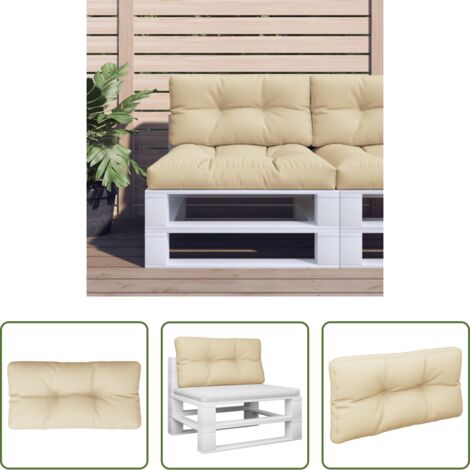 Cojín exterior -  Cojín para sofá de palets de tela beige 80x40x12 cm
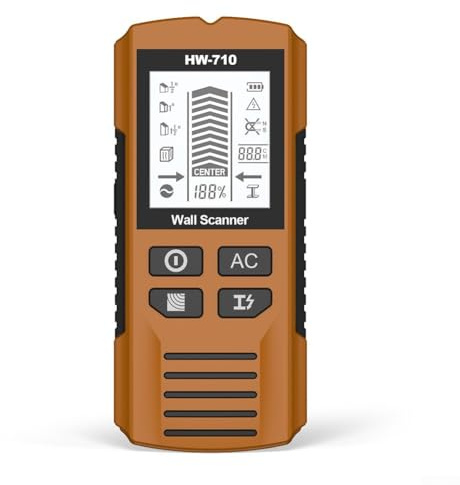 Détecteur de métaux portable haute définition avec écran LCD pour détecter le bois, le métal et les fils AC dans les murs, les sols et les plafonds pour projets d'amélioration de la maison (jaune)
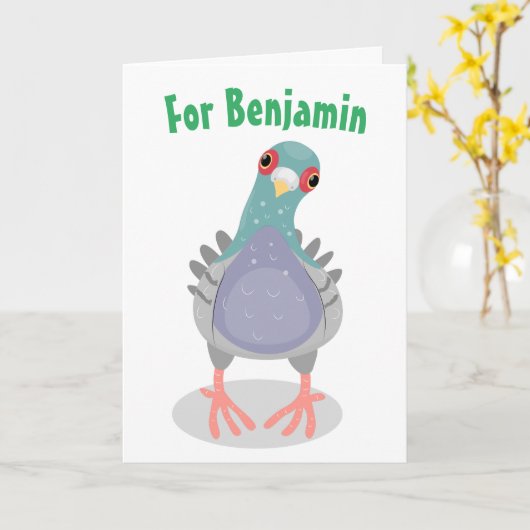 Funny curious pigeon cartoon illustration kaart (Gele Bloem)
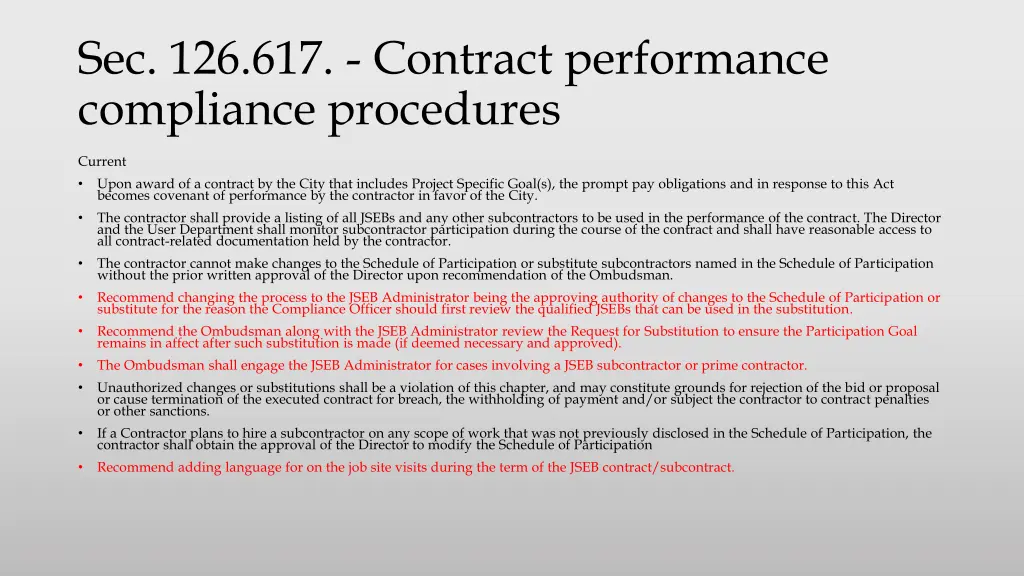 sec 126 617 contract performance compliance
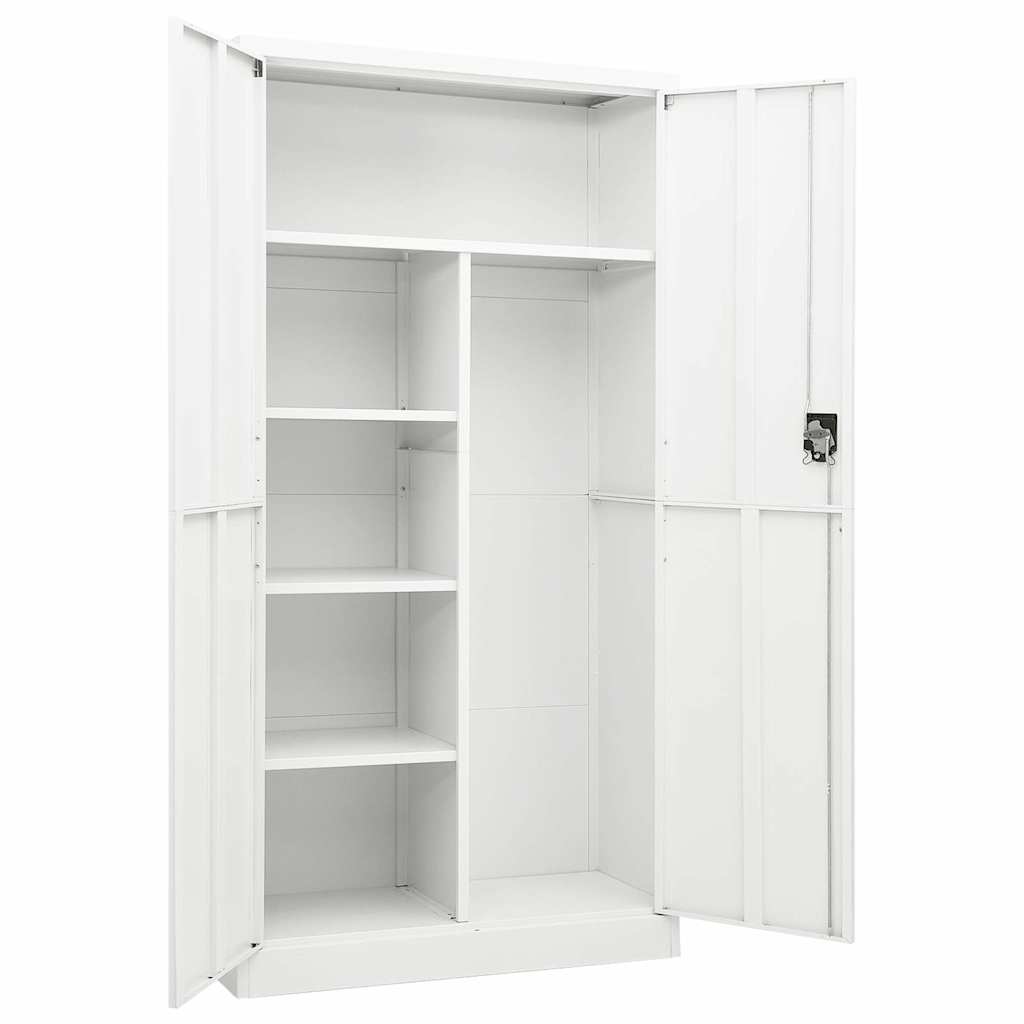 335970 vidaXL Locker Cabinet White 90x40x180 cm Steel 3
+ + + + + + +
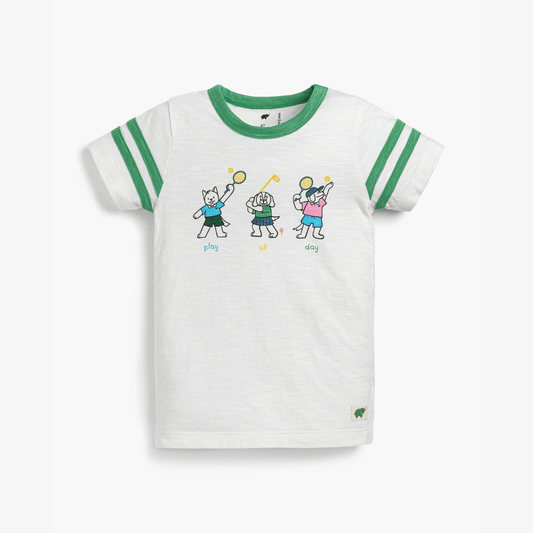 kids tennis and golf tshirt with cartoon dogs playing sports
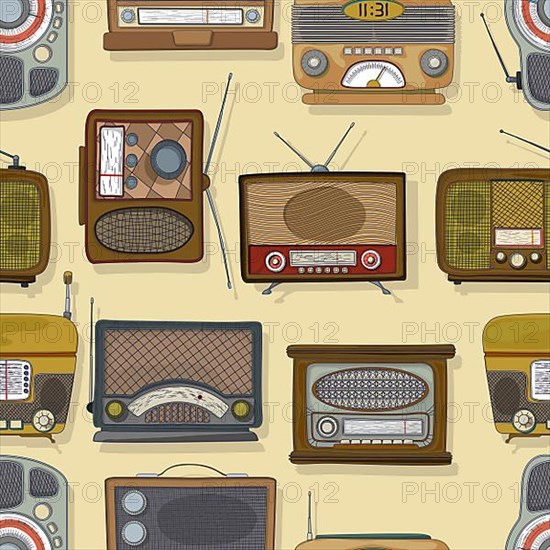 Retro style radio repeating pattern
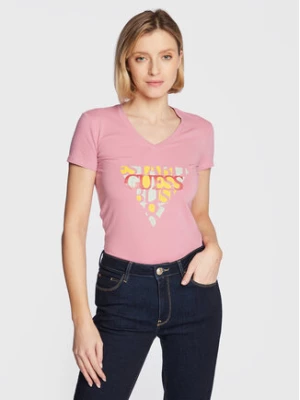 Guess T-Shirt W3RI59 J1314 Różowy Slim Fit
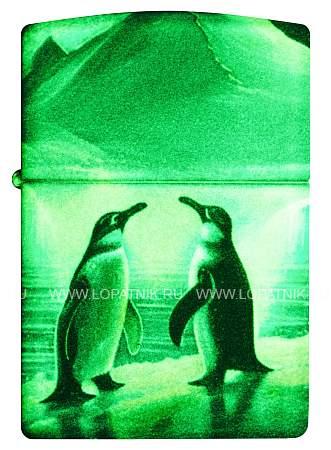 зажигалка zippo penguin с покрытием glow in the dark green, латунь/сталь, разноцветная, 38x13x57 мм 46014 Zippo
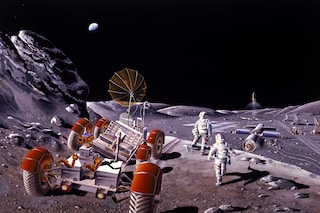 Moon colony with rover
+ + + + + + +
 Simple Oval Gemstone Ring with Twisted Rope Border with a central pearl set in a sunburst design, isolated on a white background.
+ + + + + + +
== Work item ==
Beginning with the line above that contains "beige 80x40x12 cm" and finishing with the line that contains "335970 vidaXL Locker", print those lines exactly and only. Skip all pictures.

== Answer box ==
 Cojín exterior -  Cojín para sofá de palets de tela beige 80x40x12 cm
 Détecteur de métaux portable haute définition avec écran LCD pour détecter le bois, le métal et les fils AC dans les murs, les sols et les plafonds pour projets d'amélioration de la maison (jaune)
 Funny curious pigeon cartoon illustration kaart (Gele Bloem)
 sec 126 617 contract performance compliance
 335970 vidaXL Locker Cabinet White 90x40x180 cm Steel 3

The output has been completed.